His 1941 novel What Makes Sammy Run? allowed the public to see the harshness of Hollywood stardom via Sammy Glick's rise to power in a major Hollywood film studio. This novel was criticized by some as being self-directed anti-semitism. Then a member of the Communist Party USA, Schulberg quit in protest after he was ordered by high-ranking Party member John Howard Lawson to make changes to the novel.

In 1950, Schulberg published The Disenchanted, about a young screenwriter who collaborates on a screenplay about a college winter festival with a famous novelist at the nadir of his career. The novelist (who was then assumed by reviewers to be a thinly disguised portrait of Fitzgerald, who had died 10 years earlier) is portrayed as a tragic, flawed figure, with whom the young screenwriter becomes disillusioned. The novel was the tenth bestselling novel in the United States in 1950 and was adapted as a Broadway play in 1958, starring Jason Robards (who won a Tony Award for his performance) and George Grizzard as the character loosely based on Schulberg. In 1958, Schulberg wrote and co-produced (with his younger brother Stuart) the film Wind Across the Everglades, directed by Nicholas Ray.

Schulberg wrote the 1957 film A Face in the Crowd. Based on the short story "Your Arkansas Traveler" in his book Some Faces in the Crowd, the film starred newcomer Andy Griffith as an obscure country singer who rises to fame and becomes extraordinarily manipulative to preserve his success and power.

Schulberg encountered political controversy in 1951 when screenwriter Richard Collins, testifying to the House Un-American Activities Committee (HUAC), named Schulberg as a former member of the Communist Party. Schulberg, still resentful of the influence Communist officials tried to exert over his fiction, testified as a friendly witness and explained how Communist Party members had sought to influence the content of What Makes Sammy Run? and "named names" of other Hollywood communists.

Schulberg was also a sports writer and former chief boxing correspondent for Sports Illustrated. He wrote some well-received books on boxing, including Sparring with Hemingway. He was inducted into the International Boxing Hall of Fame in 2002 in recognition of his contributions to the sport. 

In 1965, after a devastating riot had ripped apart the fabric of the Watts section of Los Angeles, Schulberg formed the Watts Writers Workshop in an attempt to ease frustrations and bring artistic training to the economically impoverished district. 

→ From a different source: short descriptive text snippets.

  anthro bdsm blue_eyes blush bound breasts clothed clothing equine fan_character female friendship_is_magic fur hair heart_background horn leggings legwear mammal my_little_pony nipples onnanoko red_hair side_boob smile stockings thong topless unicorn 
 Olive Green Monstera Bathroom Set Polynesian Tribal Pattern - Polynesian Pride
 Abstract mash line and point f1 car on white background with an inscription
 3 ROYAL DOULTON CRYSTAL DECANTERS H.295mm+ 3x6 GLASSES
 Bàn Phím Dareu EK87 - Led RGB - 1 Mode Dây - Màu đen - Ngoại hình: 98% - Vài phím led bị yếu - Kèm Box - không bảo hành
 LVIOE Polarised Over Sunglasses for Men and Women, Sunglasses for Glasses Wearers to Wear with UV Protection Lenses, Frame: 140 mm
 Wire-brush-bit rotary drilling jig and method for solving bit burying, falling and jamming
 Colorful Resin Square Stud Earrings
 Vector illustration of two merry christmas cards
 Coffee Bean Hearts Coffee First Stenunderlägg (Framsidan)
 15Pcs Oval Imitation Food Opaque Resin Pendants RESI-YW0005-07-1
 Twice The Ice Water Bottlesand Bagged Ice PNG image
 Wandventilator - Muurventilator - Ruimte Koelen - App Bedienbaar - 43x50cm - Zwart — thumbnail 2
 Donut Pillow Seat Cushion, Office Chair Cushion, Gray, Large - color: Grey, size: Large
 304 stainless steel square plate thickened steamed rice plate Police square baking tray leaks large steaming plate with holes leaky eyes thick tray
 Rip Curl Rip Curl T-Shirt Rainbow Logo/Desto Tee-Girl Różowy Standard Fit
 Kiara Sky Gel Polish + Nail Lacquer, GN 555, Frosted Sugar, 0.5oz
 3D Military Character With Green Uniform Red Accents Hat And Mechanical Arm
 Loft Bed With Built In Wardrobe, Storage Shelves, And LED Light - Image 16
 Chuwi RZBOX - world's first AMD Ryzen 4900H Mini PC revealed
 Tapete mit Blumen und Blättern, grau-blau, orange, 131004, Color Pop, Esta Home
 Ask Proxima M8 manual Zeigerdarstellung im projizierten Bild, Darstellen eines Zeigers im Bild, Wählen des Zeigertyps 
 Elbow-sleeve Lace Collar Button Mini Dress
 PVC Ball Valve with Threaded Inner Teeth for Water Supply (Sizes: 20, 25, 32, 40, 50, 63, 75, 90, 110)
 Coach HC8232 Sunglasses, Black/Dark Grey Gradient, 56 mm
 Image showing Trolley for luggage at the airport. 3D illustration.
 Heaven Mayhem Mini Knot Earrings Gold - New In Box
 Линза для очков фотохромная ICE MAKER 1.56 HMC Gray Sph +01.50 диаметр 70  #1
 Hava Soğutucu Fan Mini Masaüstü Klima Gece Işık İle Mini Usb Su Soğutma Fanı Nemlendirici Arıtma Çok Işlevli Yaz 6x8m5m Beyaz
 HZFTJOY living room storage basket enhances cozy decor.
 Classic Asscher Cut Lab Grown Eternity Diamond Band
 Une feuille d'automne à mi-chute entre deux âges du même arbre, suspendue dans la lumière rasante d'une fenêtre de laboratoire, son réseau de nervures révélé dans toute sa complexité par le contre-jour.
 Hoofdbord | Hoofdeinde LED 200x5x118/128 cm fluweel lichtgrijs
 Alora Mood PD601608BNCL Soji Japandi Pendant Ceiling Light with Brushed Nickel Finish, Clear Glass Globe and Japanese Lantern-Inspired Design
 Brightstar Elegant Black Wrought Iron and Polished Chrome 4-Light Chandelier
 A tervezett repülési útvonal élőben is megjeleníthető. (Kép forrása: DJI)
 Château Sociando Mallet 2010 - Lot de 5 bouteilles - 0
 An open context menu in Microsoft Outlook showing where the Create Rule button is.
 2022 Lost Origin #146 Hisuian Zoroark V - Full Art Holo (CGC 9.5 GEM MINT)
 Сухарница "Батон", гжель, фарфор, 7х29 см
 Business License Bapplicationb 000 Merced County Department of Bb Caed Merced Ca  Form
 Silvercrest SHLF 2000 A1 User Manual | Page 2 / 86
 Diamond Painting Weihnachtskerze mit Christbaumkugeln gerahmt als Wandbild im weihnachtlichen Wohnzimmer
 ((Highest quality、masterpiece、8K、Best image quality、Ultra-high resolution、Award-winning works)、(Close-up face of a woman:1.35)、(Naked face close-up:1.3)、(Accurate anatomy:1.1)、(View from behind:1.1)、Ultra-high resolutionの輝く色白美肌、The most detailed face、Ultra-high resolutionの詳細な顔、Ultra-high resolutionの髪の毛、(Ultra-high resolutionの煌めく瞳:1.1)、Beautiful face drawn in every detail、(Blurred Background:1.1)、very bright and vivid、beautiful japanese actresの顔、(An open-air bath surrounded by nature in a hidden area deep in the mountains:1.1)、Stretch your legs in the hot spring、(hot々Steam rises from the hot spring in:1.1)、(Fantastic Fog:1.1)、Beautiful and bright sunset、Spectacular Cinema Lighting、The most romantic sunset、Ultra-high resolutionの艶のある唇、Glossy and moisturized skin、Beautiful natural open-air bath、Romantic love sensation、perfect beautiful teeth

In 1982, Schulberg wrote Moving Pictures: Memoirs of a Hollywood Prince, an autobiography covering his youth in Hollywood growing up in the 1920s and 1930s among the famous motion picture actors and producers as the son of B. P. Schulberg, head of Paramount Studios.

Personal life and death

Schulberg was married four times. In 1936, he married his first wife, actress Virginia "Jigee" Lee Ray. They had one daughter, Victoria, before divorcing in 1942. In 1943, he married Victoria "Vickee" Anderson. They divorced in 1964. They had two children: Stephen (born 1944) and David (born 1946). David was a Vietnam veteran who predeceased his father. In 1964, he married actress Geraldine Brooks. They were married until her death in 1977; they had no children. In 1977, he married Betsy Ann Langman, stepdaughter of real estate developer Robert E. Simon, granddaughter of investment banker Maurice Wertheim and great-granddaughter of US ambassador Henry Morgenthau Sr.; they had two children: Benn and Jessica.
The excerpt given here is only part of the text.